Exercise:
Your job is to return the whole listing unchanged while skipping its images.

Information shown:
'''

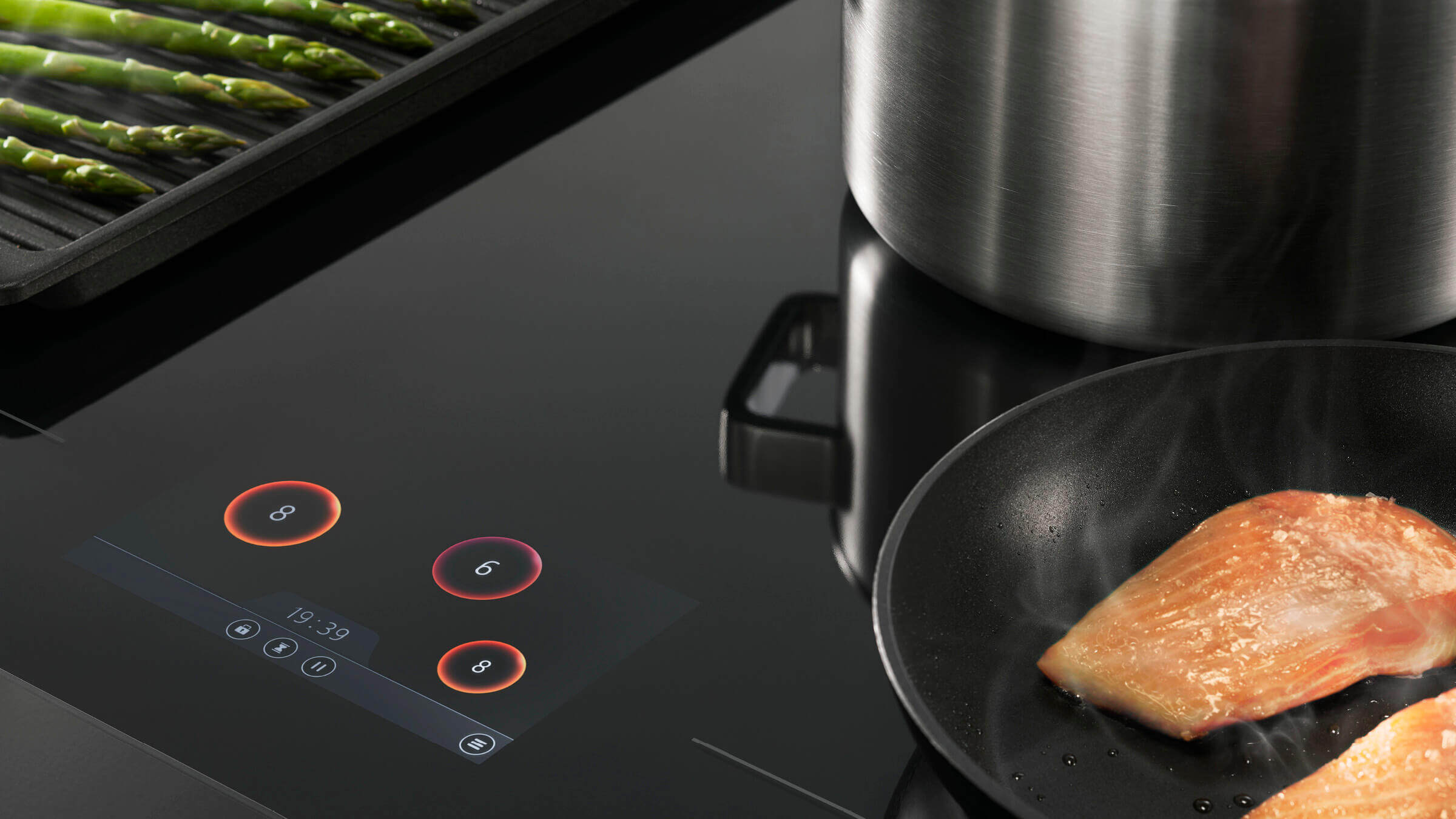 Glass Cooktop showing controls and pan with food 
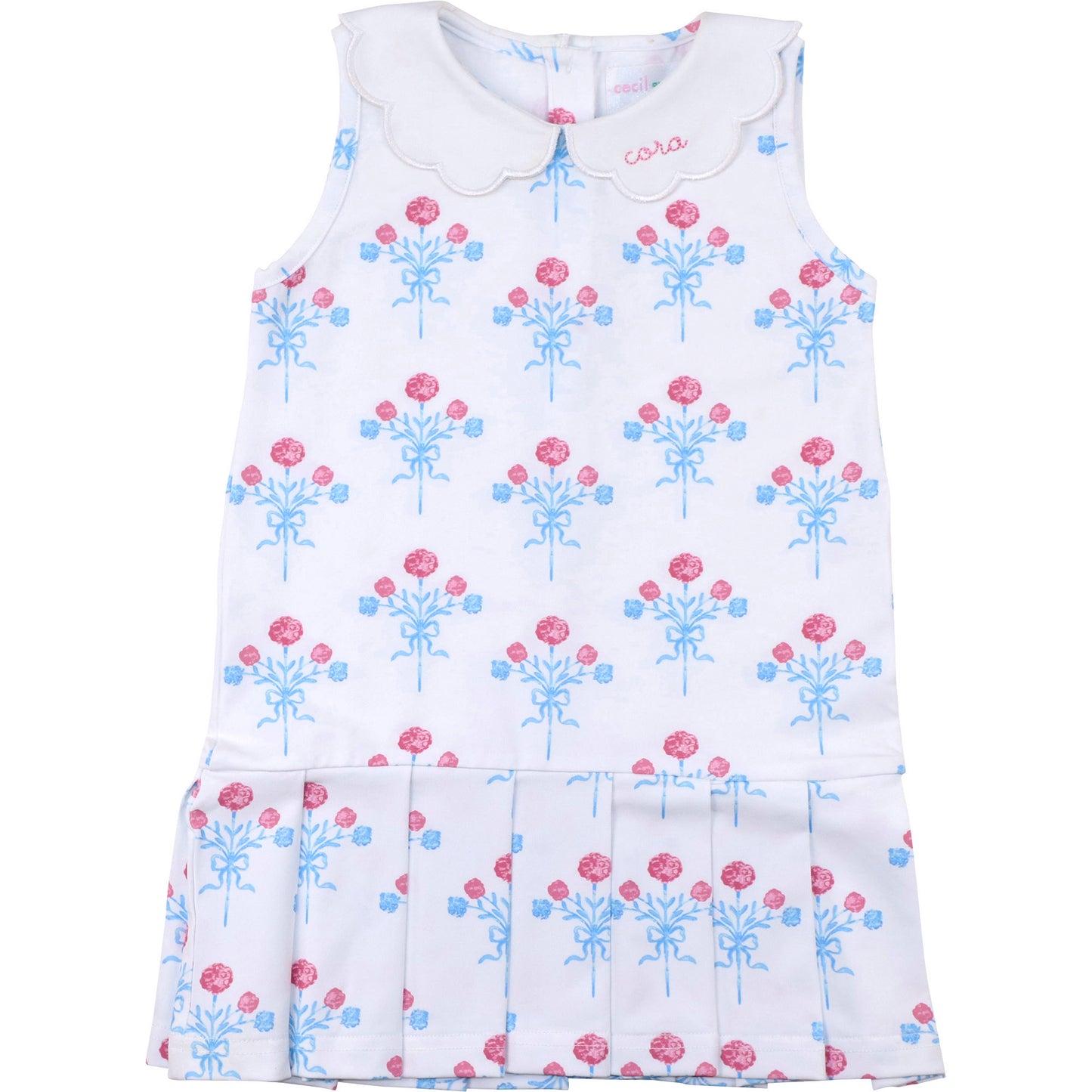 White dress with pink and blue floral pattern on a white background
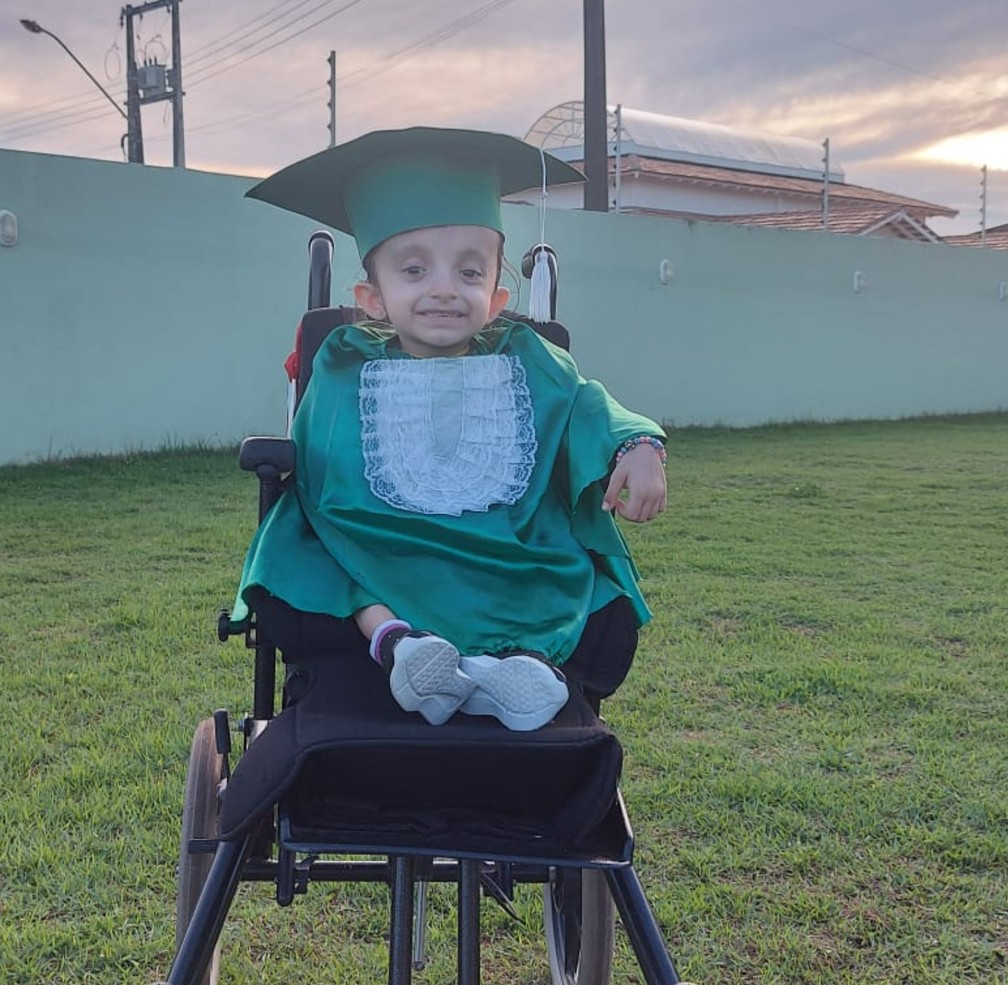 Helena, menina dos "ossos de vidro", com a beca de formatura — Foto: Arquivo Pessoal/Kelly Renata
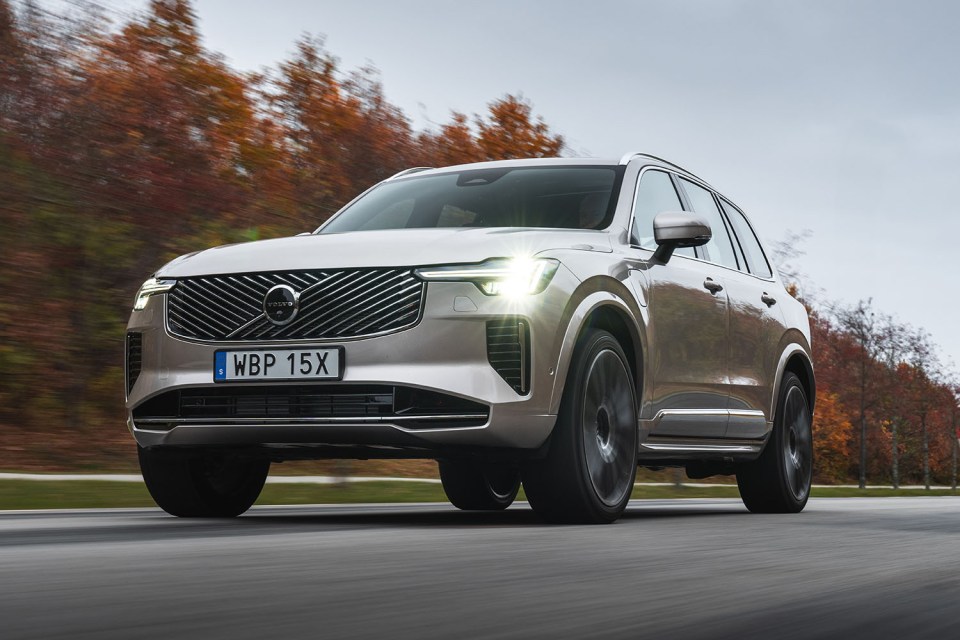 Silver Volvo SUV driving on a road.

'''

Answer space:
 Glass Cooktop showing controls and pan with food 
 White dress with pink and blue floral pattern on a white background
 Helena, menina dos "ossos de vidro", com a beca de formatura — Foto: Arquivo Pessoal/Kelly Renata
 Silver Volvo SUV driving on a road.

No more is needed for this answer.